# If you didn't get a HF mounting plate



## Tommyt654 (Apr 5, 2009)

Then you should get one of these from Eagleamerica at 1/2 off great price and prolly better than the HF anyways, Clearance Sale - Heavy Duty Universal Router Mounting Plates


----------



## bobj3 (Jan 17, 2006)

Hi

So So price on some plastic, but no insert rings 

Router accessories

With FREE shipping..

=====



Tommyt654 said:


> Then you should get one of these from Eagleamerica at 1/2 off great price and prolly better than the HF anyways, Clearance Sale - Heavy Duty Universal Router Mounting Plates


----------



## Tommyt654 (Apr 5, 2009)

Whatever,Its still a good deal IMO ,Apparently not Bobs  ,Har,Har, Har


----------



## bobj3 (Jan 17, 2006)

Hi

Don't kill the messenger " I'm JUST DOING MY JOB" I can show you the water but I can't make you drink  LOL..

=======



Tommyt654 said:


> Whatever,Its still a good deal IMO ,Apparently not Bobs  ,Har,Har, Har


----------



## Tommyt654 (Apr 5, 2009)

Then why don't you get MLCS your favorite vendor to give us all a 10% discount like Holbren rather than downplaying everybodys else's opinions. Get off the computer and make something for a change


----------



## bobj3 (Jan 17, 2006)

Hi Tommy

They do all the time
MLCS Woodworking Past E-Club Specials

Plus from time to time when you return with a coupon that you get in the box of parts from MLCS you can use it for extra 10% off on your total on your next order..

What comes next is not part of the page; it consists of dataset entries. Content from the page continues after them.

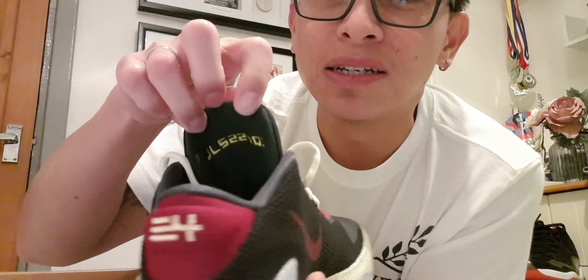To make it more personalized, inside the tongue you can put anything significant to you. So I chose my initial, my wife's initial, and my daughter's initial, and then the year I got married — as you can see there — and it's the same on the other pair as well.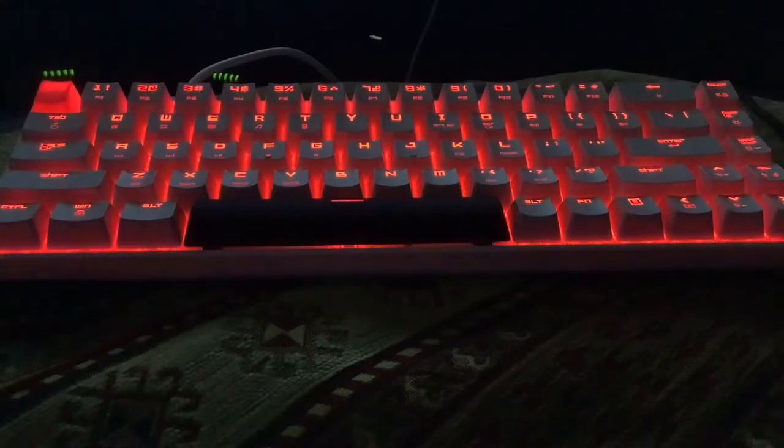Today I'm going to be explaining how to customize the LUT on a MK-Port keyboard.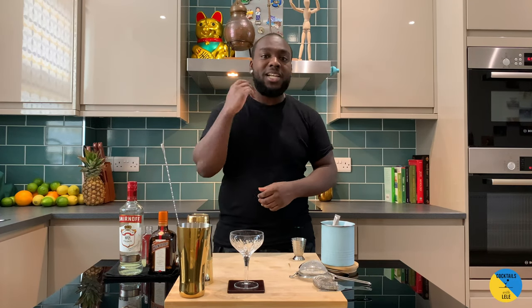Hello guys, welcome to my home bar. My name is Lele and today we're gonna make a cosmopolitan. Let's make one together.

" favorite vendor " yes that's true, they will replace anything they sale no questions ask..a 110% vendor..

By the way I work in my shop late at night..so I can bug you all day long ..LOL LOL . JUST DOING MY JOB .. 

http://www.youtube.com/watch?v=a9OCm_K2Ipk&feature=youtube_gdata

=====



Tommyt654 said:


> Then why don't you get MLCS your favorite vendor to give us all a 10% discount like Holbren rather than downplaying everybodys else's opinions. Get off the computer and make something for a change


----------



## Tommyt654 (Apr 5, 2009)

Same with Holbren except he'll give you the 10% on top of a special, on every order not just your next one and he sells much better stuff than MLCS IMO, CMT,Whiteside, as well as a multitiude of other items that MCLS does not carry, but Thats My Job Bob, Saving everyone here money on a multitude of items from several vendors including one that sponsers our website. EagleAmerica. As far as the insert rings go their an accessory not a necessity for routing on a table


----------



## bobj3 (Jan 17, 2006)

Hi

" As far as the insert rings go their an accessory not a necessity for routing on a table "
True if you don't mind pulling the router out all the time or dropping the router out the bottom just to change bits  not to say anything about making it safe to use the router bits in the router table..

The rings do more than one job on the router table..like holding the brass guides in place..or choking the hole size down for the small bits..if you are going to do it do it safe.. 

I think we must stop this thread or someone will close it..



=======

===========





Tommyt654 said:


> Same with Holbren except he'll give you the 10% on top of a special, on every order not just your next one and he sells much better stuff than MLCS IMO, CMT,Whiteside, as well as a multitiude of other items that MCLS does not carry, but Thats My Job Bob, Saving everyone here money on a multitude of items from several vendors including one that sponsers our website. EagleAmerica. As far as the insert rings go their an accessory not a necessity for routing on a table


----------



## Mark (Aug 4, 2004)

How about you two settle down. Bob if you are posting a deal, make a new thread please. Different deal, different thread. Thanks.


----------